| REQUIRED ACTION |
Give a verbatim copy of the lines below, minus the pictures.
━━ DATASET EXTRACT
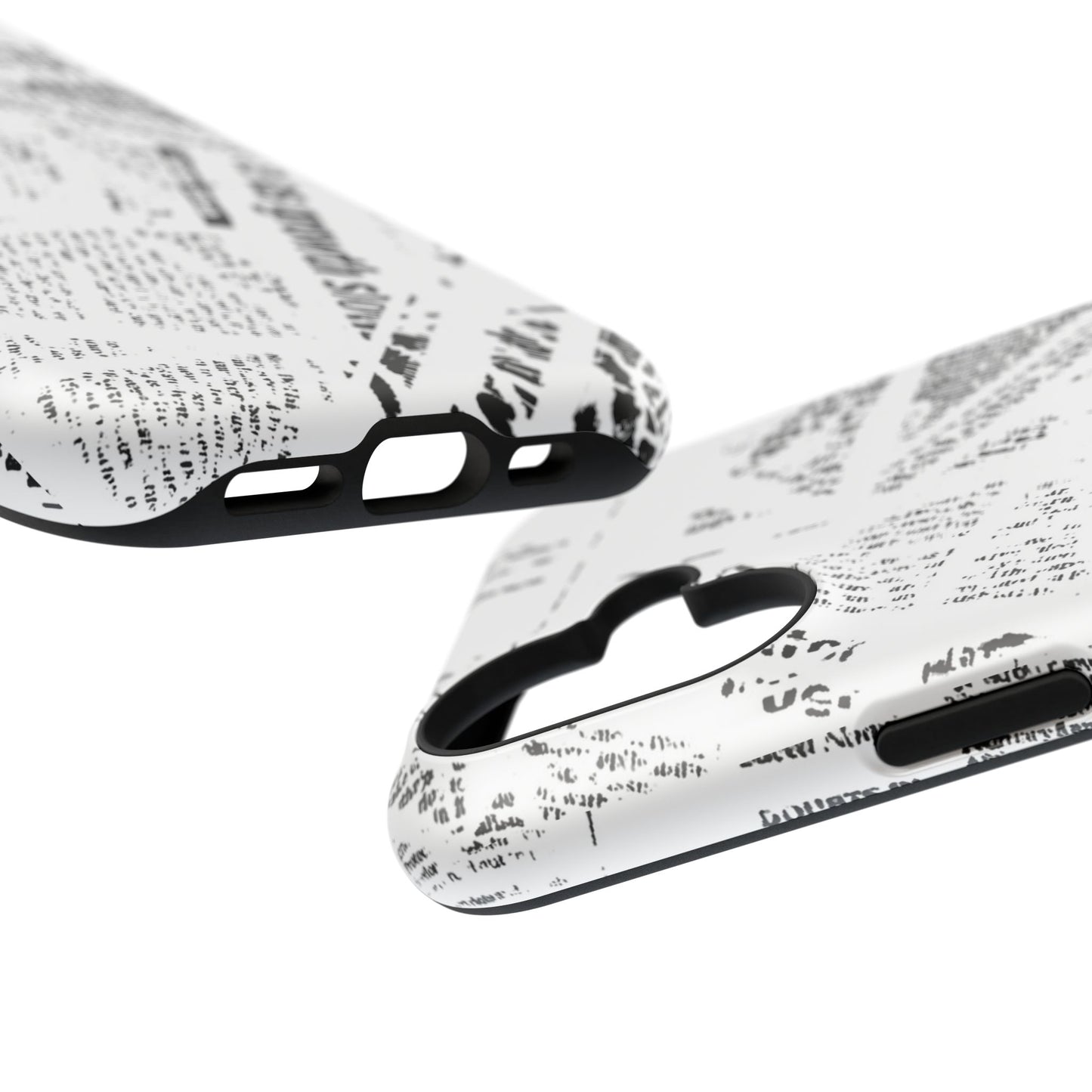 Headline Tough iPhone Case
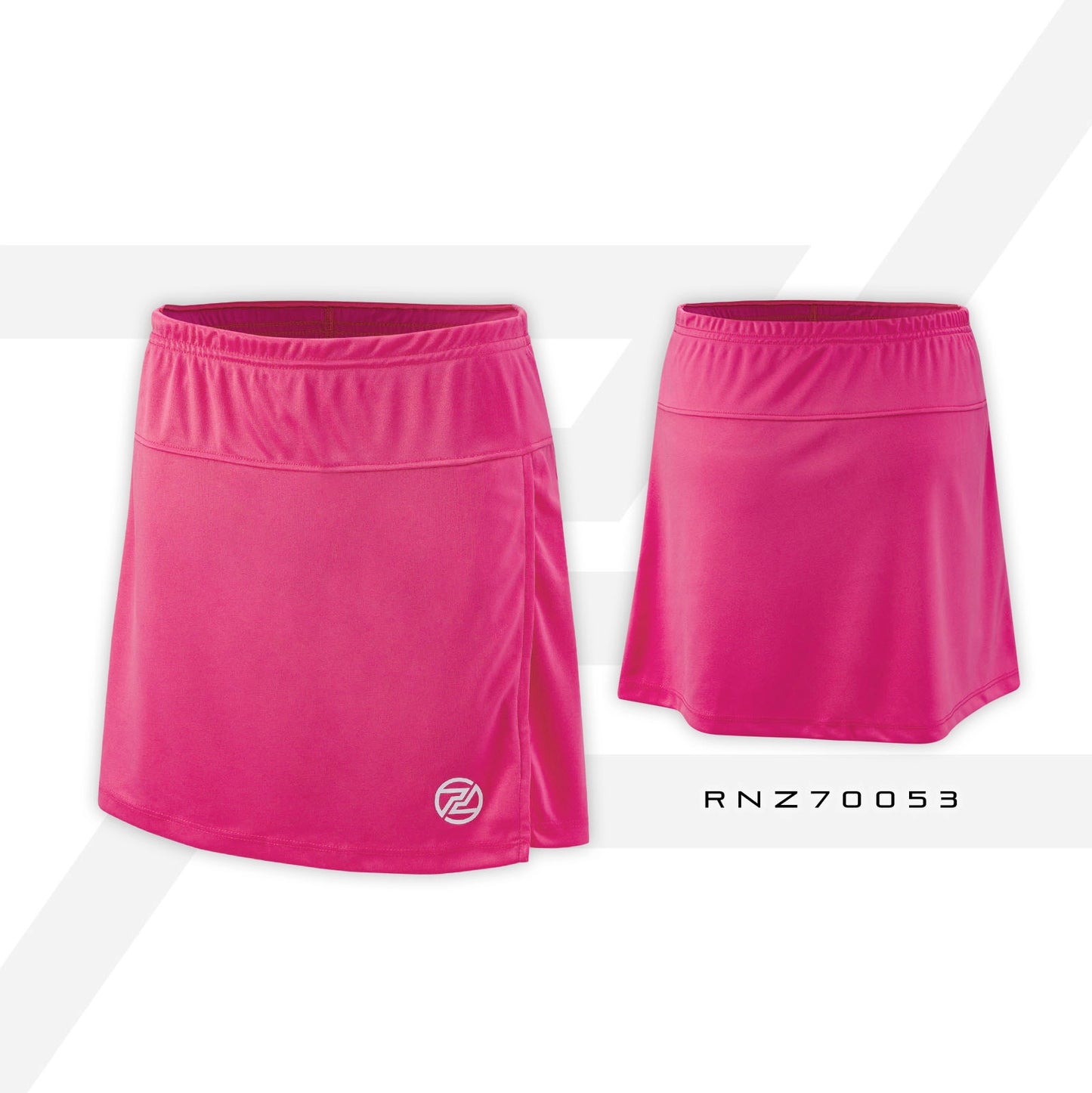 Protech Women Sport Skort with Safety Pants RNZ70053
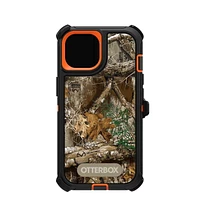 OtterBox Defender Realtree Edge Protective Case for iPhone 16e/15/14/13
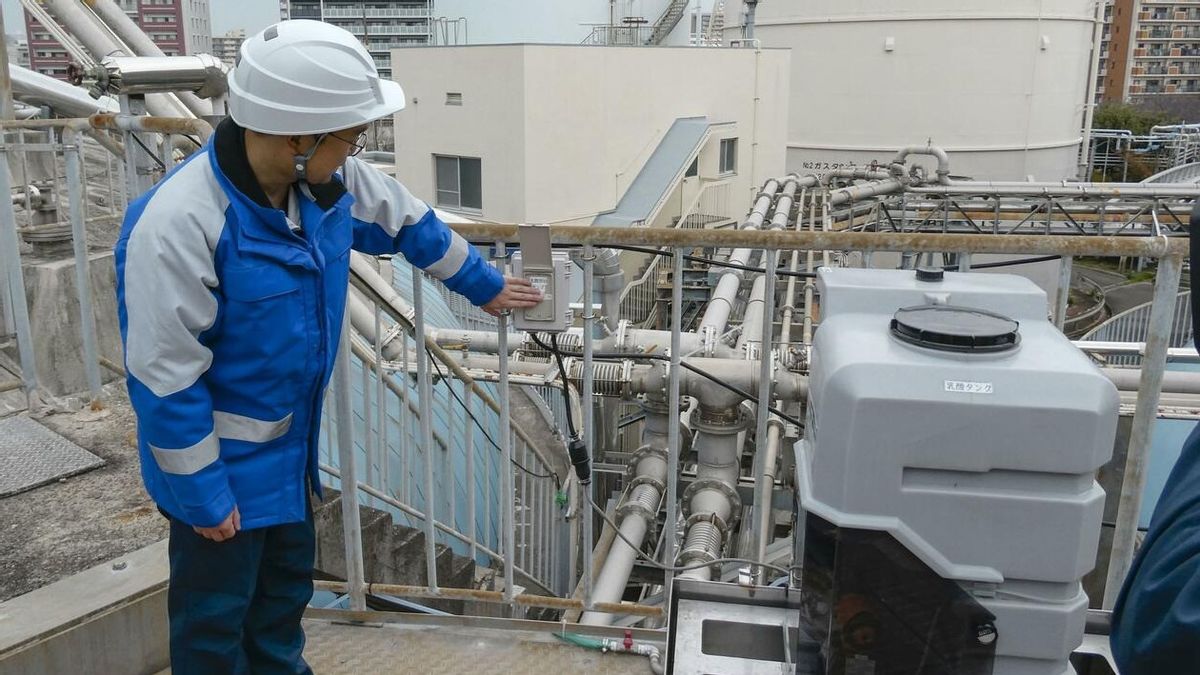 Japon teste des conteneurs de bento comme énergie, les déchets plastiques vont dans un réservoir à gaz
━━━━
| YOUR SOLUTION |
 Headline Tough iPhone Case
 Protech Women Sport Skort with Safety Pants RNZ70053
 OtterBox Defender Realtree Edge Protective Case for iPhone 16e/15/14/13
 Japon teste des conteneurs de bento comme énergie, les déchets plastiques vont dans un réservoir à gaz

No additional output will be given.